What is a Sample Space?#

A set of all possible outcomes of an experiment. Notation: \(\Omega\)

  1. Mutually exclusive - only one outcome should be possible at the end of an experiment

  2. Collectively exhaustive - togather, elements of sample space exhaust all the possible outcomes of an experiment

  3. Right granularity - Example: Coin toss in a rainy season.

Programmatically constructing sample space#

  1. Draw sufficiently many samples from an experiment (exhaustive)

  2. Consider only unique outcomes (a set of all outcomes)

Example 1: Coin toss#

\(\Omega = \{H, T\}\)

  • Head (\(H\)) \(\to 1\)

  • Tail (\(T\)) \(\to 0\)

\(\Omega = \{1, 0\}\)

# Instantiate a Bernolli distribution
coin = distrax.Bernoulli(probs=0.8)  # probability of "Head" is 0.8
WARNING:absl:No GPU/TPU found, falling back to CPU. (Set TF_CPP_MIN_LOG_LEVEL=0 and rerun for more info.)
key = jax.random.PRNGKey(0)
n_samples = 20

# Sample from the distribution
samples = coin.sample(seed=key, sample_shape=n_samples)
print(f"Samples:\n{samples}")
Samples:
[0 1 1 1 0 1 1 1 1 0 1 0 1 1 1 0 1 1 0 1]
sample_space = jnp.unique(samples)
print(f"Sample Space: {sample_space}")
Sample Space: [0 1]

Example 2: Tossing two coins#

two_coins = distrax.Bernoulli(probs=(0.5, 0.6))
key = jax.random.PRNGKey(0)
n_samples = 10

# Sample from the distribution
samples = two_coins.sample(seed=key, sample_shape=n_samples)
print(f"Samples:\n{samples}")
Samples:
[[0 1]
 [1 1]
 [0 1]
 [1 1]
 [0 0]
 [1 0]
 [1 1]
 [0 0]
 [1 0]
 [0 1]]
sample_space = jnp.unique(samples, axis=0)
print(f"Sample Space:\n{sample_space}")
Sample Space:
[[0 0]
 [0 1]
 [1 0]
 [1 1]]

What is an Event?#

An event is a subset of the sample space

Experiment: Tossing two coins

Event: “At least one Head”: \(\{(0, 1), (1, 0), (1, 1)\}\)

Example 3: Roll a die#

die = distrax.Categorical(probs=[1/6]*6)
die.num_categories
6
key = jax.random.PRNGKey(0)
n_samples = 20

# Sample from the distribution
samples = die.sample(seed=key, sample_shape=n_samples)
print(f"Samples:\n{samples}")
Samples:
[2 1 1 3 4 2 4 2 5 5 0 0 4 5 1 1 4 1 0 5]
sample_space = set(samples.tolist())
print(f"Sample Space: {sample_space}")
Sample Space: {0, 1, 2, 3, 4, 5}

Q: What could be an example event in a die roll?

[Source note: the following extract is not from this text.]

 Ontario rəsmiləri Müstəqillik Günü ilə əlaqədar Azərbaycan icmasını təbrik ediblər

A: “all outcomes with even numbers”

Example 4: Roll two dice#

dice = distrax.Categorical(probs=[[1/4]*6, [1/4]*6])
dice.num_categories
6
dice.batch_shape
(2,)
key = jax.random.PRNGKey(1)
n_samples = 3000

# Sample from the distribution
samples = dice.sample(seed=key, sample_shape=n_samples)
sample_space = jnp.unique(samples, axis=0)
print(f"Sample Space: {sample_space.tolist()}")
Sample Space: [[0, 0], [0, 1], [0, 2], [0, 3], [0, 4], [0, 5], [1, 0], [1, 1], [1, 2], [1, 3], [1, 4], [1, 5], [2, 0], [2, 1], [2, 2], [2, 3], [2, 4], [2, 5], [3, 0], [3, 1], [3, 2], [3, 3], [3, 4], [3, 5], [4, 0], [4, 1], [4, 2], [4, 3], [4, 4], [4, 5], [5, 0], [5, 1], [5, 2], [5, 3], [5, 4], [5, 5]]

Discrete Sample Space#

  • Countable outcomes

An experiment: You count number of stars in the sky every evening before you sleep.

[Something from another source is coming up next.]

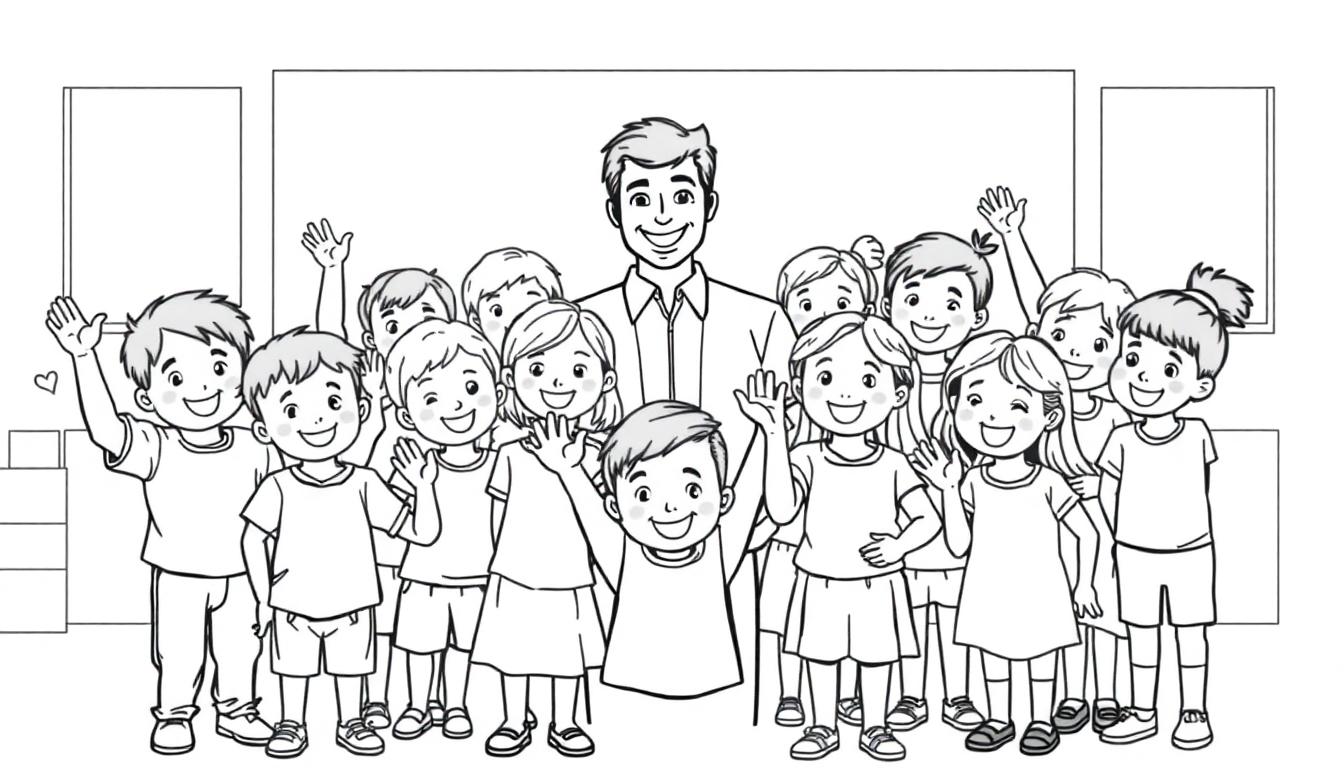 Een zwart-wit kleurplaat van een leraar en kinderen die lachen en zwaaien.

Q: Will this experiment have a discrete sample space?

A: Yes, because all the outcomes are countably infinite.

Continuous Sample Space#

  • DefinitionL: It contains the outcomes that are not countable but can be defined within a range.

Example 5: Dart Throw#

Consider a square board for our experiment (but why?)#

image-2.png

import matplotlib.pyplot as plt
dart_throw = distrax.Uniform(low=(0.0, 0.0), high=(1.0, 1.0))
key = jax.random.PRNGKey(0)
n_samples = 5000

# Sample from the distribution
samples = dart_throw.sample(seed=key, sample_shape=n_samples)
print(f"Samples:\n{samples}")
Samples:
[[0.91878176 0.5988804 ]
 [0.01619005 0.6148746 ]
 [0.8741435  0.26158714]
 ...
 [0.5804421  0.48235536]
 [0.7156378  0.53015876]
 [0.91583014 0.75922954]]
plt.scatter(samples[:,0], samples[:,1], s=0.2)
plt.vlines(0.5, *plt.xlim(), color='r')
plt.hlines(0.5, *plt.ylim(), color='r');
../../_images/Sample_Space_and_Random_Variables_32_0.png

Let us check the number of outcomes falling within the 3rd quadrant. Ideally, they should be 1/4 of the total samples.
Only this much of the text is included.